Currency Matters
By Marc Amateis
When China recently announced a quarter-point hike in its one-year lending rate, the effect on global stock and currency markets was immediate. The U.S. dollar strengthened and stocks fell 1.5%. Financial headlines warned of “currency wars.”
In today’s global economy, the worldwide currency markets have a significant impact on the stock and bond markets. It’s fair to say that few investors pay attention to currency issues, and even fewer understand them.
Currency Basics
Currencies are traded 24 hours a day, five days a week. Like stocks, their value can change minute-to-minute. And like anything else in economics, supply and demand determine value. The more demand there is for U.S. dollars, for example, the more the price of the dollar will rise.
But here is where currency trading differs from stock trading. Because one currency is used to buy another, currencies are always traded in pairs, and when one currency rises in value, the other currency must fall. This is very different from the stock market, where all stocks can go up or down in value together.
In addition, a currency can rise in value vs. one currency, and at the same time fall in value vs. another. For example, if the market determines there is more demand for U.S. dollars from traders exchanging Japanese yen, it will take more yen to buy a dollar. At the same time, the market may determine there is less demand for U.S. dollars from traders exchanging euros, and so it will require fewer euros to buy a dollar.
Currencies trade in pairs. When one rises in value, the other falls.
In the very short term, currencies, much like stocks, move up and down in response to breaking news. Initial reaction to China’s Oct. 19 quarter-point rate hike was that it would slow global economic growth. As a result, investors cut risk by selling stocks, purchasing the U.S. dollar (thereby driving its value up) and selling many other currencies (driving their value down).
The very next day, however, investors decided their fears were over-blown. Stocks regained almost all they had lost, and the dollar declined.

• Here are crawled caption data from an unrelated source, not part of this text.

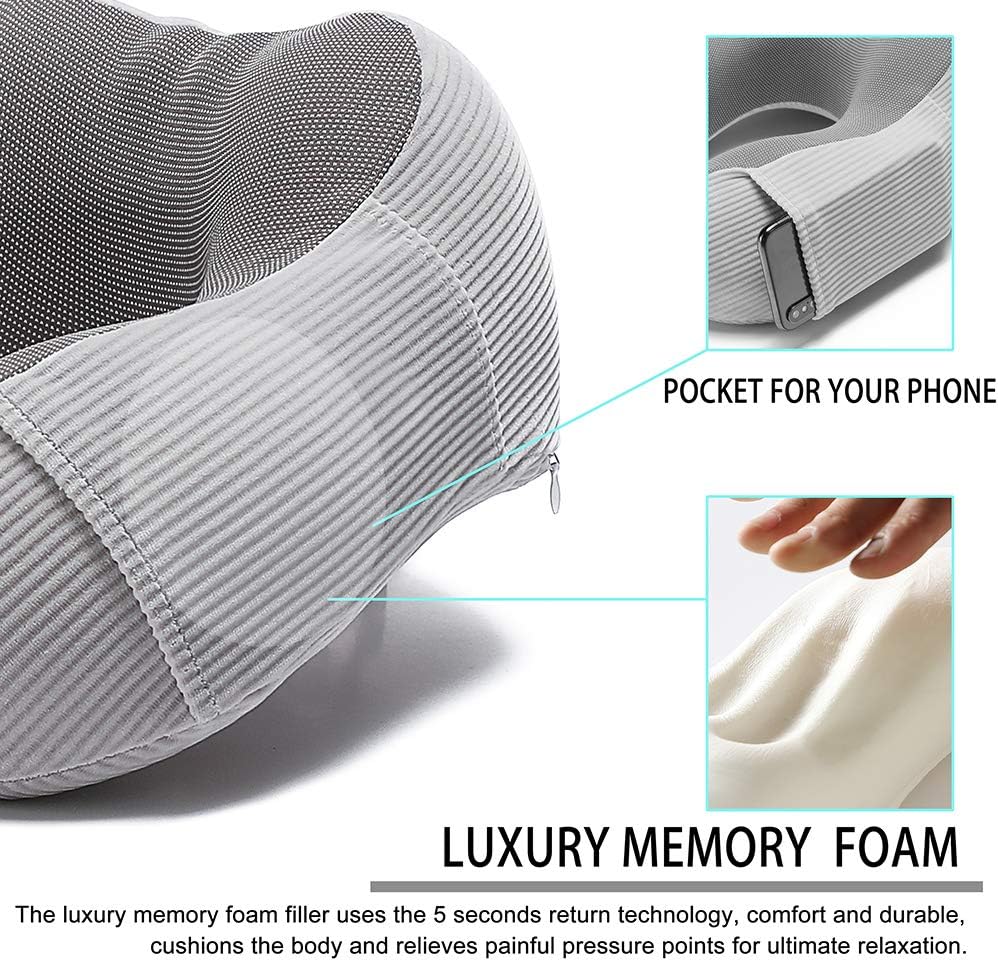 Travel Pillow, Memory Foam Neck Pillow with 360-Degree Head Support, Comfortable for Airplane & Home Use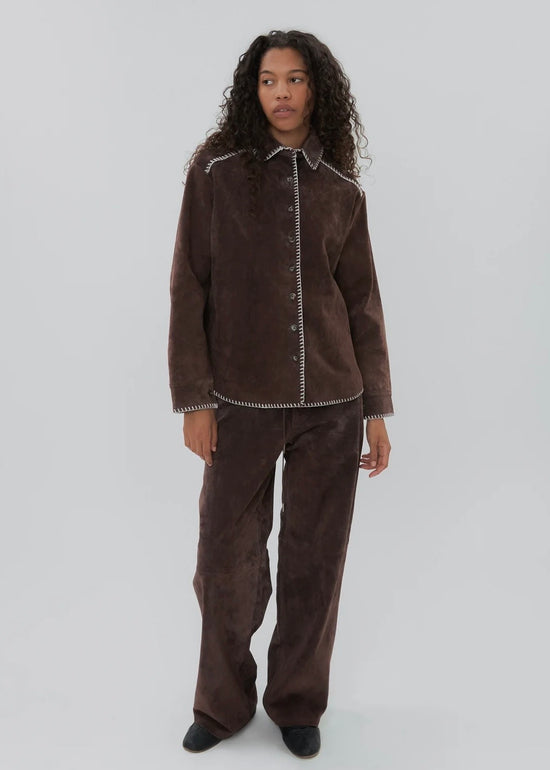 Western Shirt - Chocolate Suede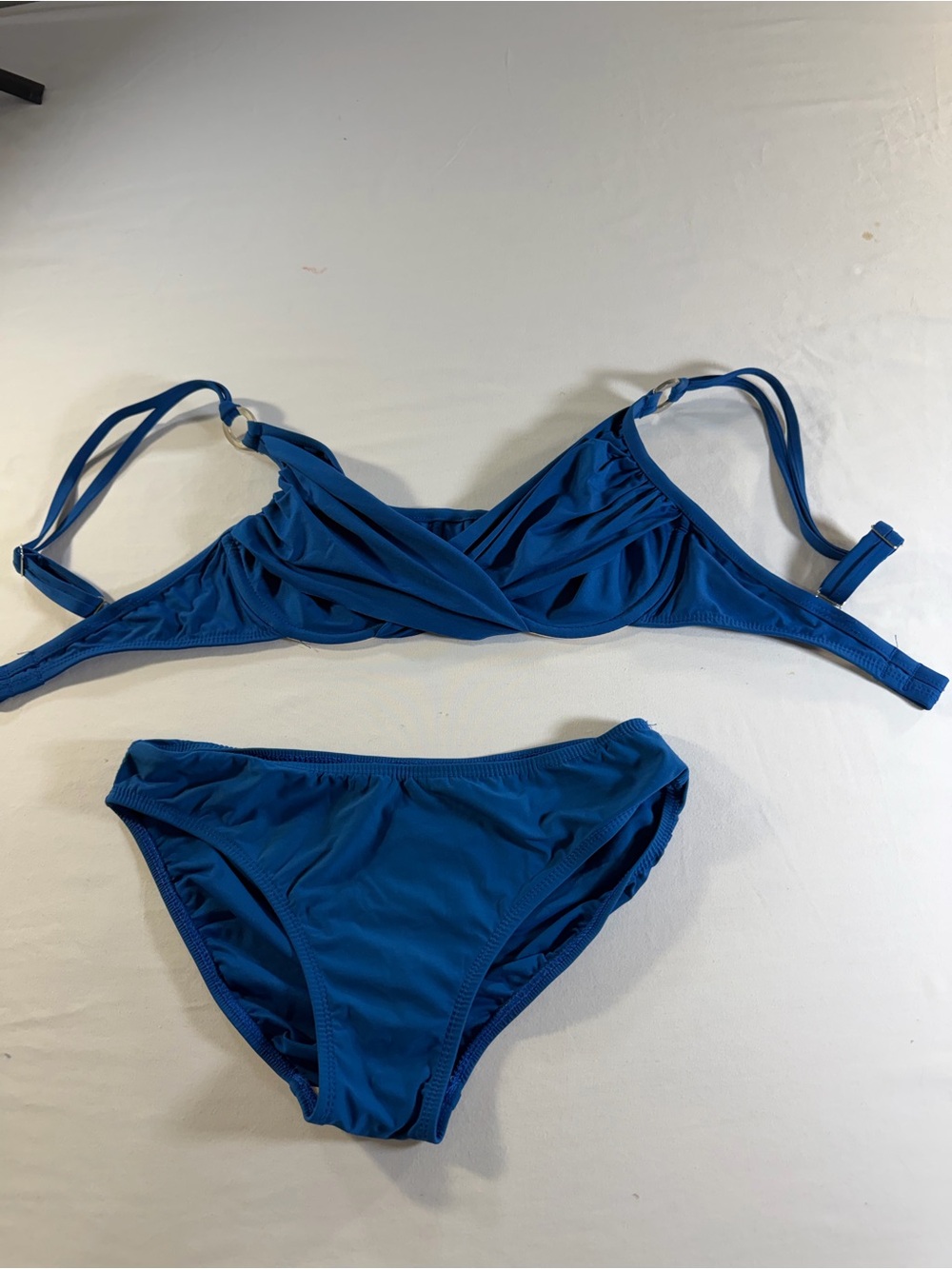 Tara Grinna Blue Twist Front Bikini Set 32-36B Underwire O-Ring Y2-K USA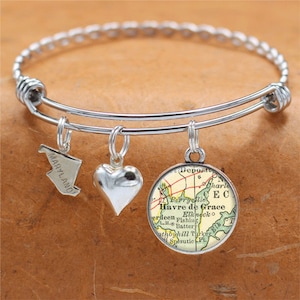 Maryland Map Bracelet / Havre de Grace MD / Charm Bracelet / Vintage Map Jewelry / Bridesmaid Birthday Graduation Gifts For Her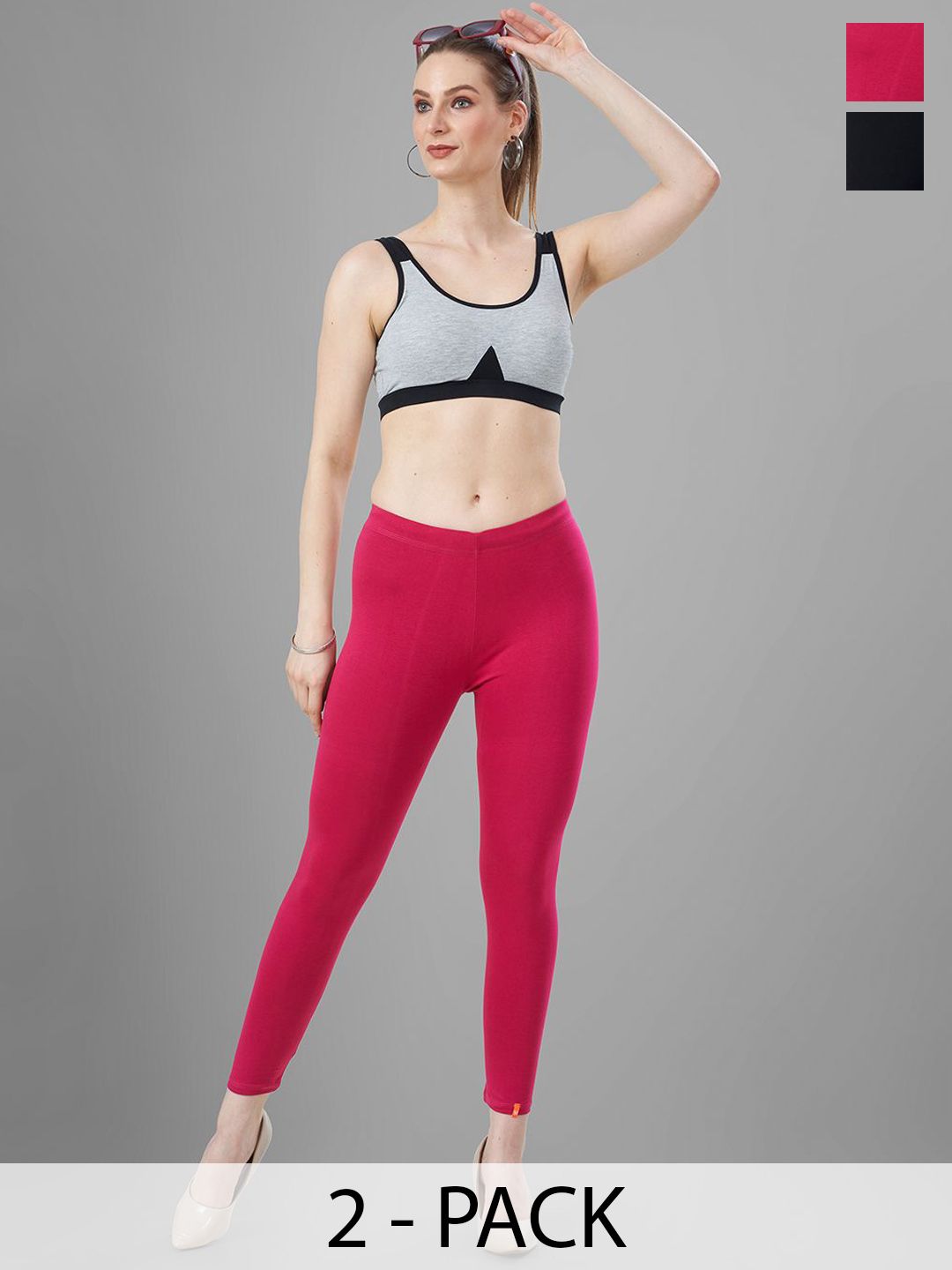 T19 Pack Of 2 Skinny Fit  4-Way Stretchable Ankle Length Leggings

Over the long term, the value of a currency, like a stock, is determined by fundamentals. In the case of a stock, it’s a company’s earnings. In the case of a currency, it’s the economic strength of the issuing country. Those countries with higher interest rates to lure investment, strong economic growth, low national debt, low deficits, and a secure legal and political environment will see their currency appreciate relative to weaker countries.
Currency Wars
Recent fears of “currency wars” refer to the attempts by many developed nations to actually devalue or debase their currency. Lowering interest rates and printing money to flood the market with a currency are two ways to accomplish that.
Long term, no country wants to see its currency lose value. But as we emerge from the global recession, countries that export goods try to make those goods more price-competitive in the global marketplace.

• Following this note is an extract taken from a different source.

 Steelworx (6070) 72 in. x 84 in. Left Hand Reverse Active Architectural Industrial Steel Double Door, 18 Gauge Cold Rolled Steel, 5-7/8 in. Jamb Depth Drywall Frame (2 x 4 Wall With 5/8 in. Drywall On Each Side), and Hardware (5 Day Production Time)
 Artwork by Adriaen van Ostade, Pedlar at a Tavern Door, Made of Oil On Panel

A country’s exports become more affordable to overseas buyers when its currency weakens. Remember though, if one currency weakens another must strengthen, and therein lies the problem.
It creates a race to the bottom where each country fights to devalue its currency more quickly and deeply than the next, hoping to get a bigger piece of a pie that isn’t growing. In the end everyone loses, as happened during the global depression of the 1930s.
Implications for investors
Currency movement can have a profound impact on some investments, so it is important that investors and their advisors consider currency issues when constructing a portfolio.
If you own stock in a foreign company, or a domestic company with overseas earnings, those earnings will be expressed in your home currency. If your home currency is the U.S. dollar and it weakens vs. the foreign currency, those earnings will buy you more dollars and give you a greater dollar-denominated return.
Unfortunately, while a weakening dollar boosts your return on foreign investments, the dollars themselves aren’t worth as much in the global economy. It’s going to take more of those devalued dollars to buy something imported from a country with a stronger currency.
If, as a U.S. investor, you own a foreign bond or foreign bond fund, the interest payments on those bonds must be converted into dollars. Again, if the dollar weakens against the bond’s home currency, those interest payments will buy you more dollars and you will realize a return that is greater than the bond’s yield. However, if the dollar strengthens, the opposite effect will occur and your return will be diminished.
For further reading:
International Investing, from the U.S. Securities and Exchange Commission
Most commodities (oil, gold, etc.) are priced in U.S. dollars. As a result, when the dollar weakens, it takes more dollars to buy a unit of a commodity (a barrel of oil, for example) and the price rises in the U.S. But the commodity becomes cheaper in terms of the strengthening currency, and so its price falls in that country.
Some mutual funds reduce or eliminate currency effects through complicated hedging strategies that include buying and selling currency futures contracts. So it is important that you know what you own.
Today, a well balanced and diversified portfolio will contain foreign investments, as well as domestic securities with foreign currency exposure. It is therefore extremely important that investors and advisors pay attention to currency issues and their impact on the value of stock, bond, and commodity holdings.
Marc Amateis is a vice president at Landaas & Company.